Just before noon yesterday, CNN posted Treasury Secretary Hank Paulson's draft bill for bailing out impaired mortgage assets from our faltering ship of state. Enactment with two weeks is almost certain. The bill would give Paulson and his successor complete authority to purchase assets as he sees fit up to $700 b. That's probably a conservative estimate, and Senator Richard Shelby (R-AL), the Ranking Republican on the Senate Banking Committee, said on CBS's Face the Nation this morning that "It's going to be $1 trillion, at least."

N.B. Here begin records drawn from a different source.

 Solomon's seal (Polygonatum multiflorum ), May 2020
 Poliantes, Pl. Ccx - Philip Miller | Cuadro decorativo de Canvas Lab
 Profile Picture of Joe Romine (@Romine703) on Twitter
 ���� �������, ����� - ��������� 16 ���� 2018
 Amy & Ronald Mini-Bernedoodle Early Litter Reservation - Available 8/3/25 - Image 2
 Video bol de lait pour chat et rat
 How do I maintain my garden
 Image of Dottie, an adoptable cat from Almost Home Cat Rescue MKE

Over the next several years, those assets will be sold. There is brave talk of selling them for enough to keep taxpayers whole, but I wouldn't count on that. The S&L bailout of the late 1980s and early 1990s cost the taxpayers $124.6 b. according to the General Accounting Office (now the Government Accountability Office). The Resolution Trust Corporation (RTC), which performed a similar role as Treasury is about to perform now, gained control of $402 b. in book value of S&L assets from 747 S&L's and sold them for $240 b. The taxpayers paid most of the difference, and S&L owners and shareholds paid the rest. Treasury has not released any detail on how it estimated today's $700 b. acqusition, so until they do, I would use the 31% expense ratio we experienced during that S&L crisis. Thus, I would estimate a $217 b. taxpayer cost if Mr. Paulson's $700 b. estimate holds up and $310 b. if Senator Shelby's estimate proves more accurate.

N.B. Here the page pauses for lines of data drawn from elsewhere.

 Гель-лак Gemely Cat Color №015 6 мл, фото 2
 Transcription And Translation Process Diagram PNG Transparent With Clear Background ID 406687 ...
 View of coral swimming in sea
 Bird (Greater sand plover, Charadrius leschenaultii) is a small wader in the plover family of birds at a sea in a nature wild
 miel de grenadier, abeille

As expensive as this is, Secretary Paulson is undoubtedly correct in saying that the cost of not doing this bailout would be far higher on taxpayers in terms of lost credit, lost jobs, and lost economic growth. The economic crimes causing this occurred years ago, when unregulated or too loosely regulated mortgage brokers wrote mortgages that some homeowners couldn't pay. Congress cheered from the sidelines as homeownership rose to a peak of 68.4% of total domiciles. Now that the housing bubble has burst, Congress acts like it had nothing to do with this. The Federal Reserve and other regulators won't admit it publicly, but it is true that indirect pressure from Congress kept the regulators at bay while the taxpayers were sold down the river.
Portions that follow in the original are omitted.